**Task material:**

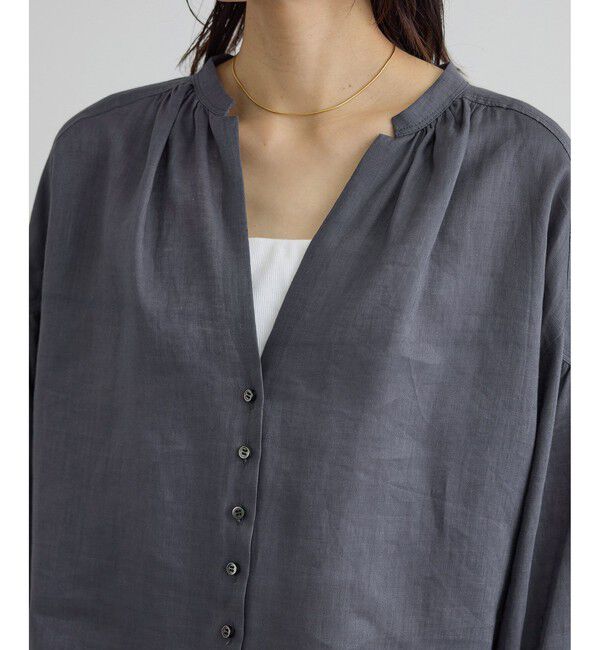 SALON adam et rope'「GENTLE LINEN クロップドギャザーブラウス」|シャツ・ブラウス|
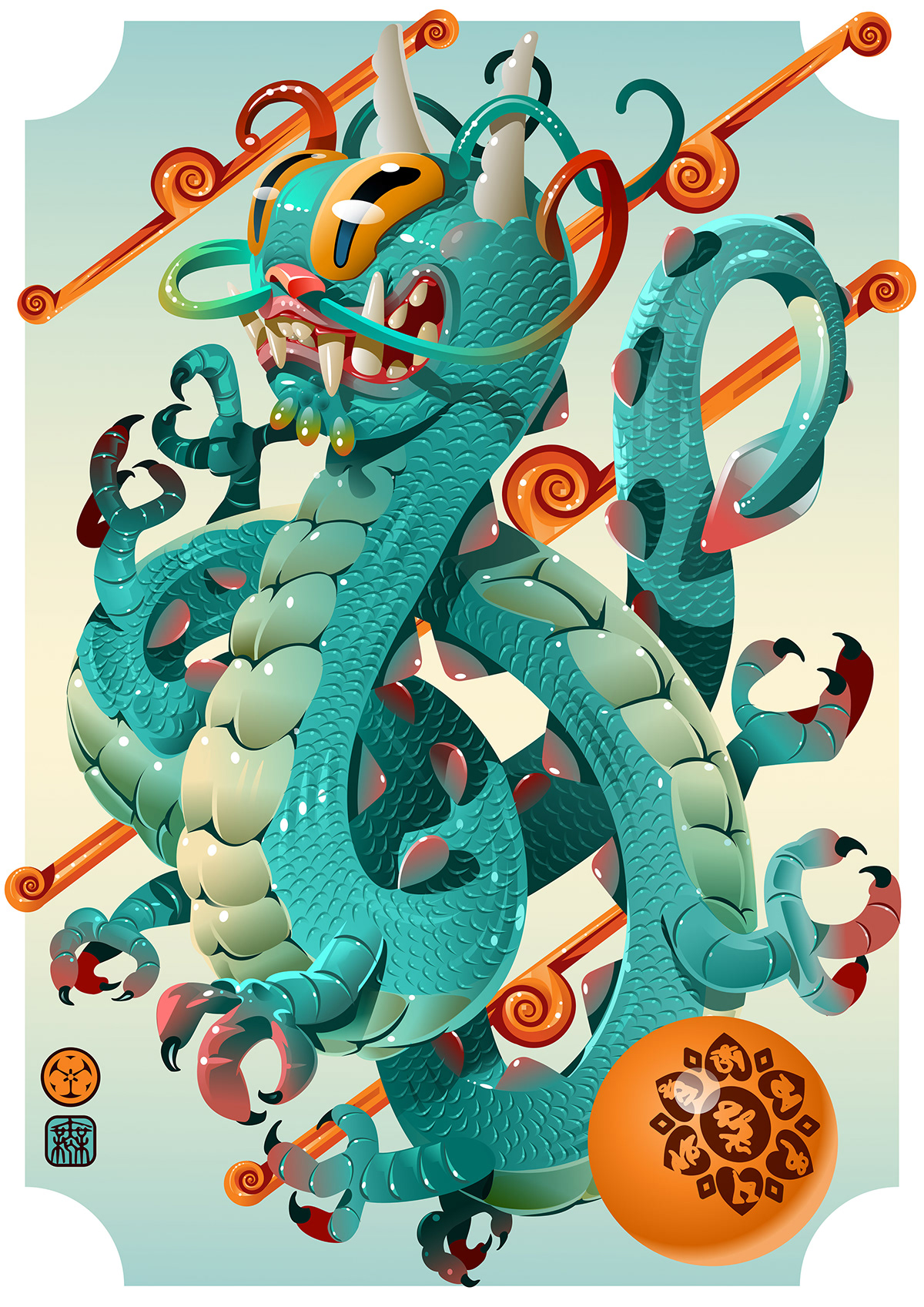 tiger dragon japan china vector vectorart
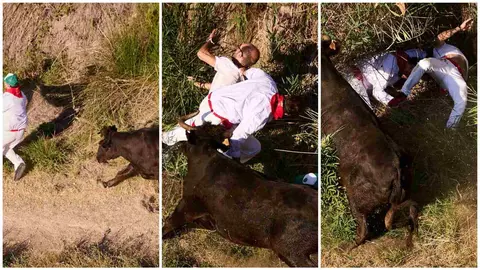Secuencia de la cogida a un mozo en el octavo encierro de El pilón de Falces. PABLO LASAOSA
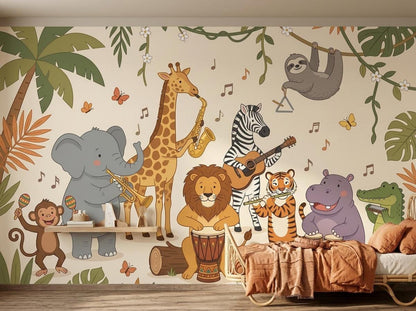 A playful jungle animal orchestra wall mural features a giraffe playing a saxophone, a lion drumming, and other animals with musical instruments behind a wooden bed.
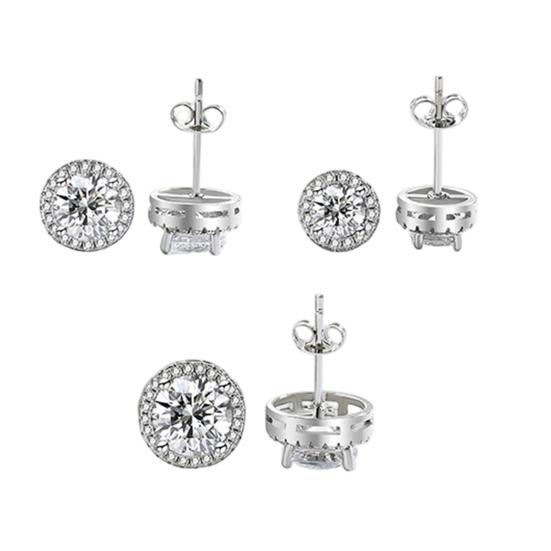 Cubic Zirconia Stud Earrings 1 Carat Diamond Look Earrings Elegant 360° Shiny Jewelry for Daily Wear Party Gift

**About this exercise:**
Pictures are to be left out; otherwise, copy exactly each line from the one containing "Secuencia de la" through the last line of the listing.

**Finished task:**
Secuencia de la cogida a un mozo en el octavo encierro de El pilón de Falces. PABLO LASAOSA
 A playful jungle animal orchestra wall mural features a giraffe playing a saxophone, a lion drumming, and other animals with musical instruments behind a wooden bed.
 Cubic Zirconia Stud Earrings 1 Carat Diamond Look Earrings Elegant 360° Shiny Jewelry for Daily Wear Party Gift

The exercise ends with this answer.